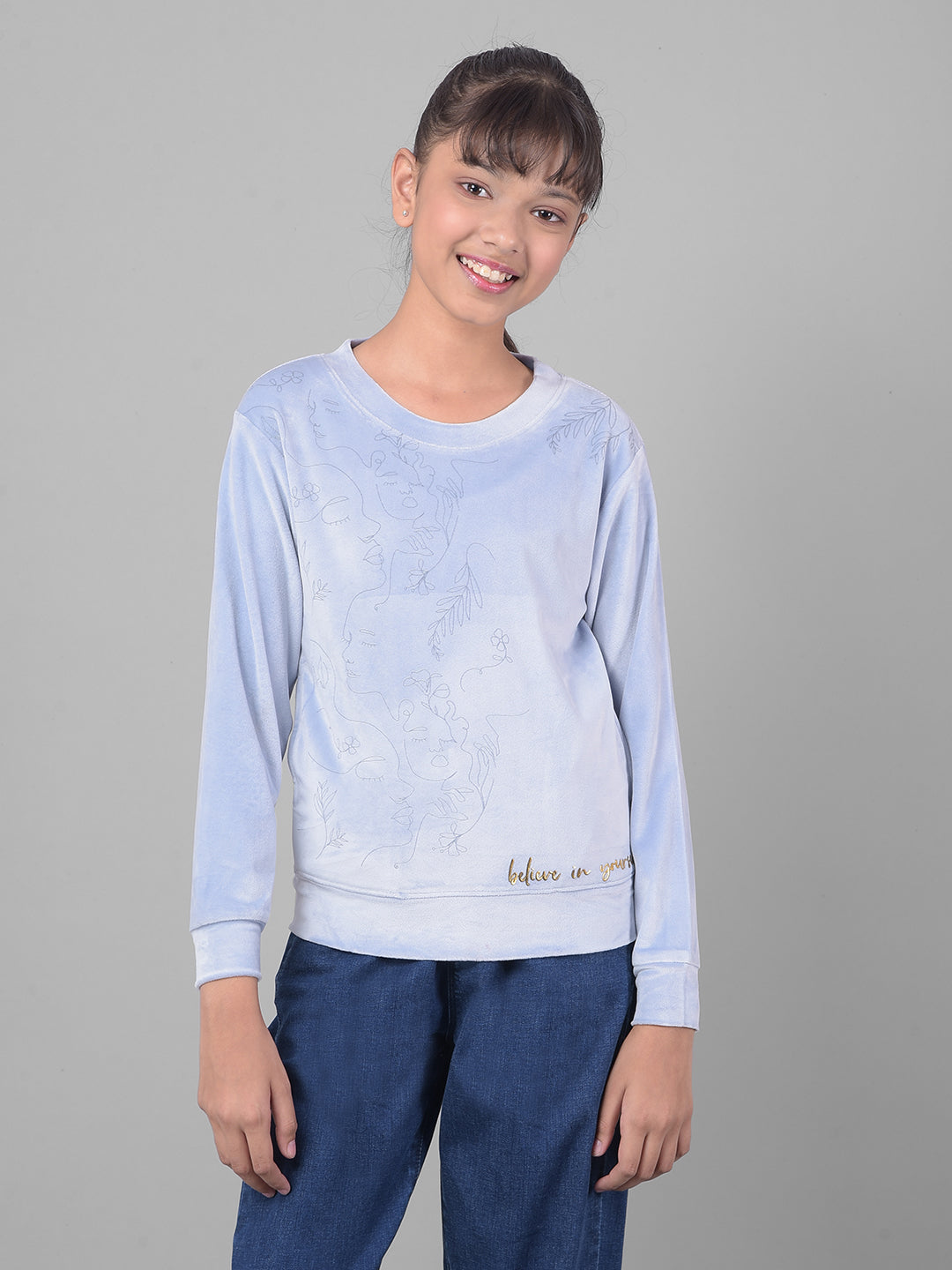 Blue Printed Sweatshirt-Girls Sweatshirts-Crimsoune Club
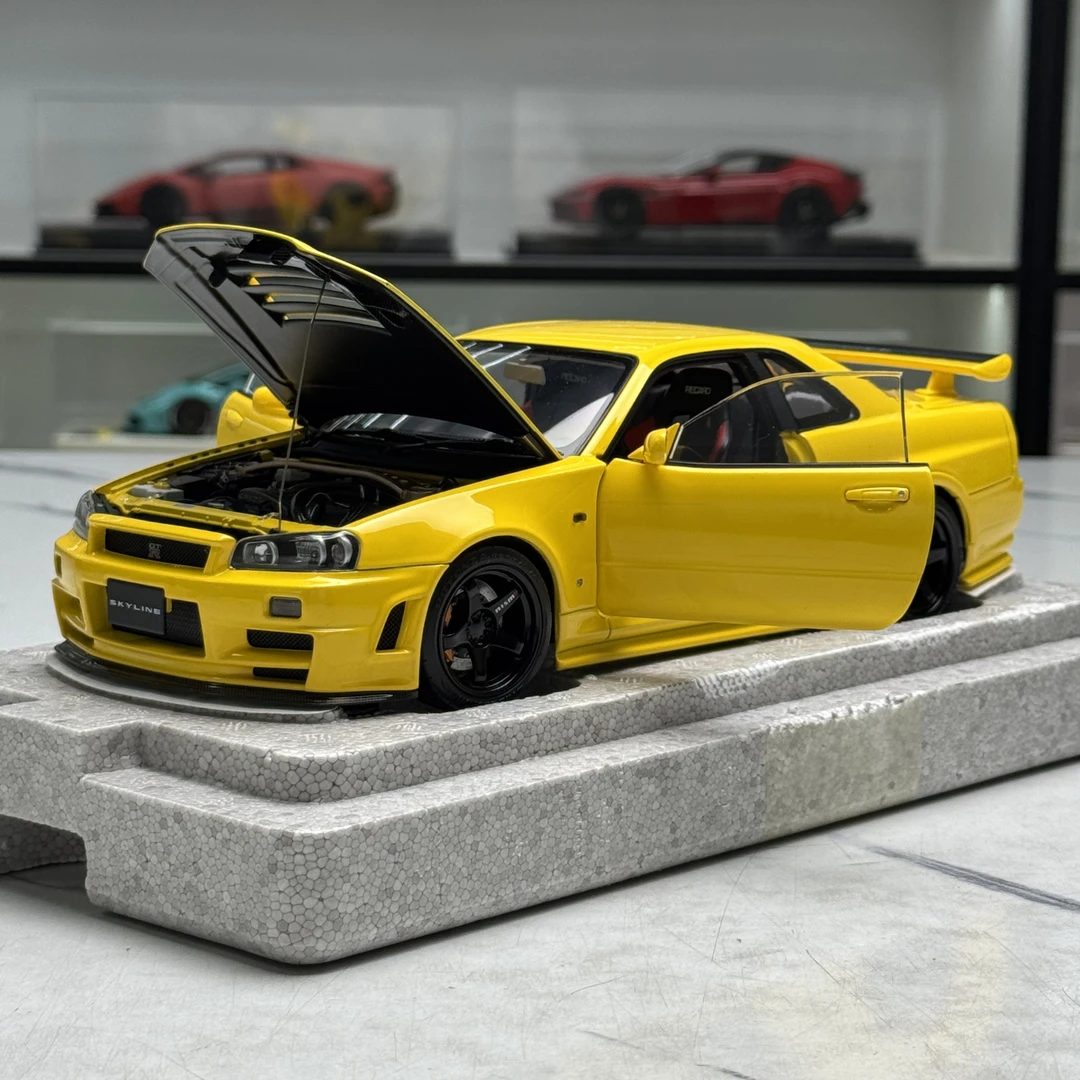 MH 1/18 尼桑R34 Nissan Skyline GT-R VERSION合金汽车模型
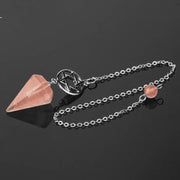 Quartz Rose Cerise Pendule ésotérique avec Pentacle - Mes Bijoux En Pierres Naturelles
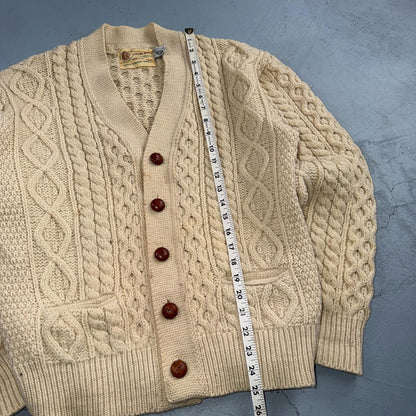 Bemidji VTG Woolen Mills Cream Cable Knit Cardigan Sweater Fisherman Boho 1970s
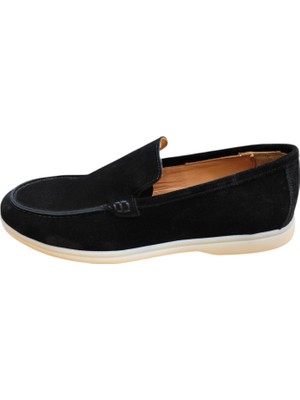 King Shoes Siyah Süet Lofer Ayakkabı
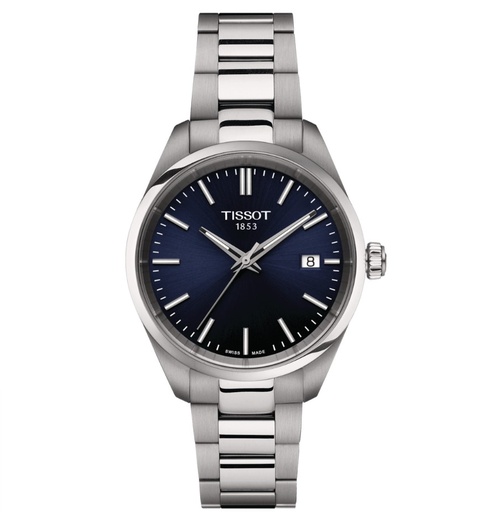 [T150.210.11.041.00] 34mm PR 100 Blue Dial Quartz Watch With A Stainless Steel Strap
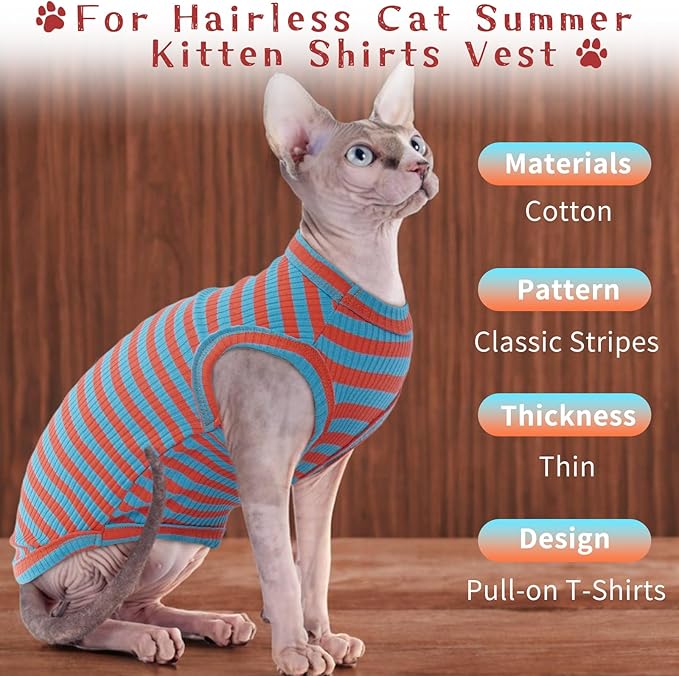 BRKURLEG Hairless Cats T Shirt, Cat Sweaters, Pullover Kitten Shirts, Sleeveless Round Collar Cotton Vest for Cornish Rex Devon Rex Peterbald and Small Dogs Sweater(OrangeBlue Stripes, M)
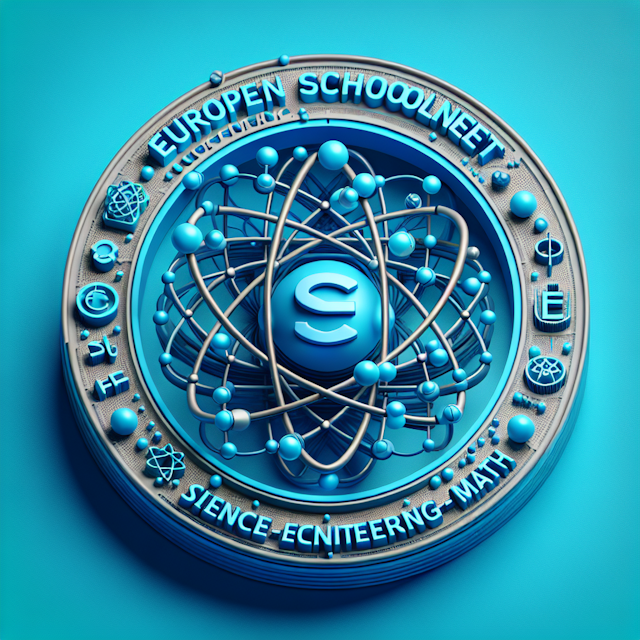 generate 3d realistic logo representing science education community europe logo primarily blue surrounded by atomic or mol...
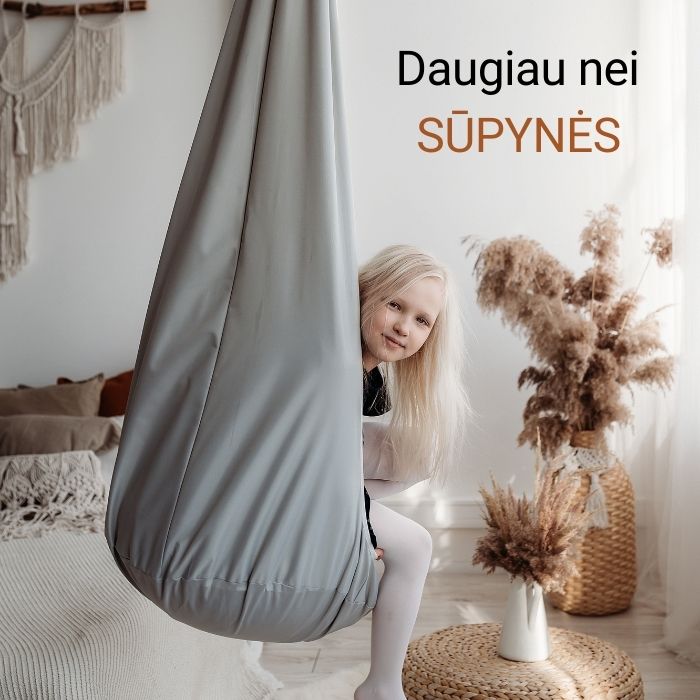Kambario sūpynės vaikams KOKONAS - Sidabrinis - Supuosi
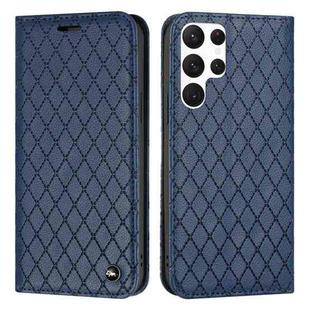 For Samsung Galaxy S22 Ultra 5G S11 RFID Diamond Lattice Flip Leather Phone Case(Blue)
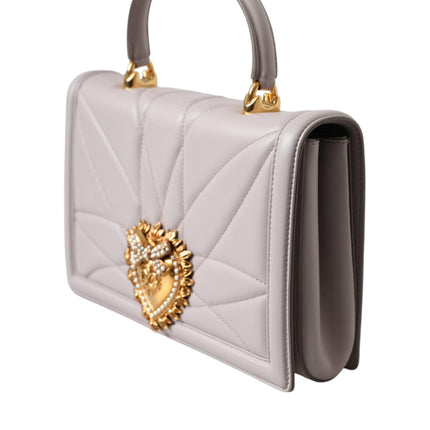 Light Gray Devotion Gold Heart Leather Shoulder Bag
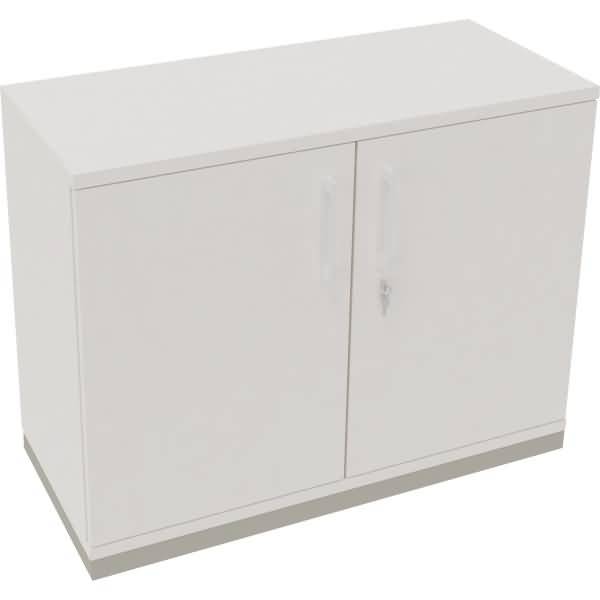Flügeltürenschrank 2OH B1000xT442xH781 silber/weiß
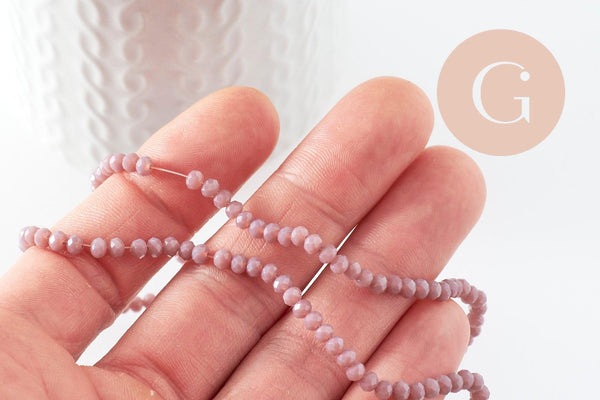 Perles rondelle abacus verre opaque facettée violet mauve 3x2.5mm, bijoux cristal, fil de 39cm, x1 (G7449)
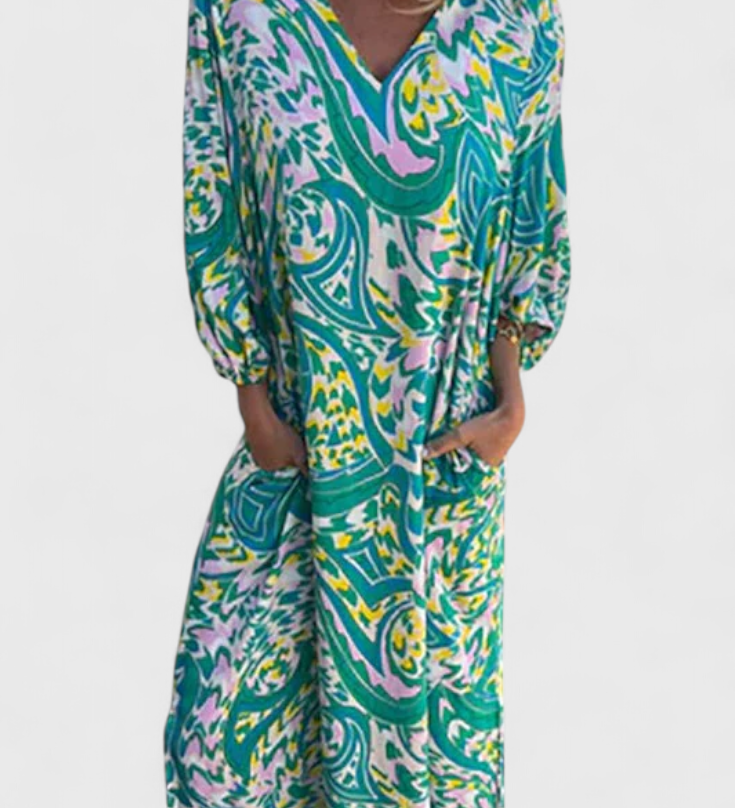 Robe Maxi Bohémienne Carmina avec Décolleté en V et Imprimé Abstrait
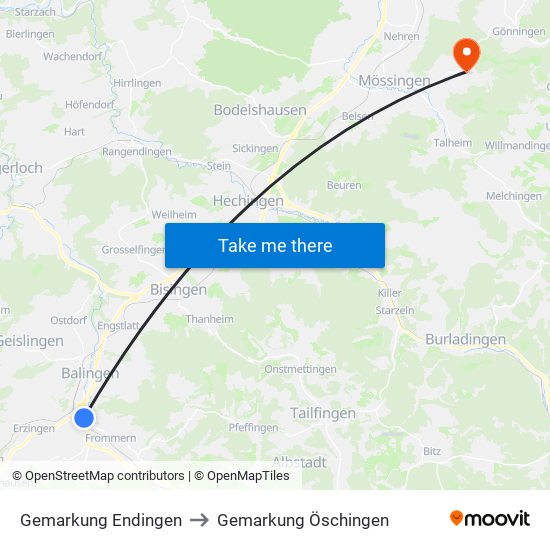 Gemarkung Endingen to Gemarkung Öschingen map
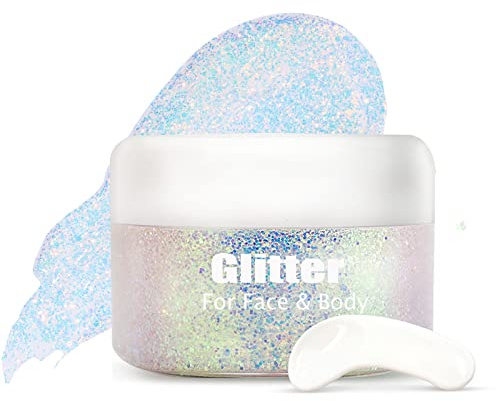 GL-Turel lifes Körper- und Gesichts-Glitzer-Gel, holografisches Meerjungfrau-Glitzern, feiner Glitzer für Körper, Gesicht, Haare, St. Patricks Day, Hochzeit, Make-up, langlebig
+===+
**What is required**
The expected output is every entry above, character for character, with no pictures.

**Finished exercise**
 Blue Printed Sweatshirt-Girls Sweatshirts-Crimsoune Club
 MH 1/18 尼桑R34 Nissan Skyline GT-R VERSION合金汽车模型
 Quartz Rose Cerise Pendule ésotérique avec Pentacle - Mes Bijoux En Pierres Naturelles
 Bemidji VTG Woolen Mills Cream Cable Knit Cardigan Sweater Fisherman Boho 1970s
 King Shoes Siyah Süet Lofer Ayakkabı
 [T150.210.11.041.00] 34mm PR 100 Blue Dial Quartz Watch With A Stainless Steel Strap
 BRKURLEG Hairless Cats T Shirt, Cat Sweaters, Pullover Kitten Shirts, Sleeveless Round Collar Cotton Vest for Cornish Rex Devon Rex Peterbald and Small Dogs Sweater(OrangeBlue Stripes, M)
 generate 3d realistic logo representing science education community europe logo primarily blue surrounded by atomic or mol...
Kambario sūpynės vaikams KOKONAS - Sidabrinis - Supuosi
 For Samsung Galaxy S22 Ultra 5G S11 RFID Diamond Lattice Flip Leather Phone Case(Blue)
 Light Gray Devotion Gold Heart Leather Shoulder Bag
Flügeltürenschrank 2OH B1000xT442xH781 silber/weiß
 Perles rondelle abacus verre opaque facettée violet mauve 3x2.5mm, bijoux cristal, fil de 39cm, x1 (G7449)
 Robe Maxi Bohémienne Carmina avec Décolleté en V et Imprimé Abstrait
 Gemarkung Endingen to Gemarkung Öschingen map
 GL-Turel lifes Körper- und Gesichts-Glitzer-Gel, holografisches Meerjungfrau-Glitzern, feiner Glitzer für Körper, Gesicht, Haare, St. Patricks Day, Hochzeit, Make-up, langlebig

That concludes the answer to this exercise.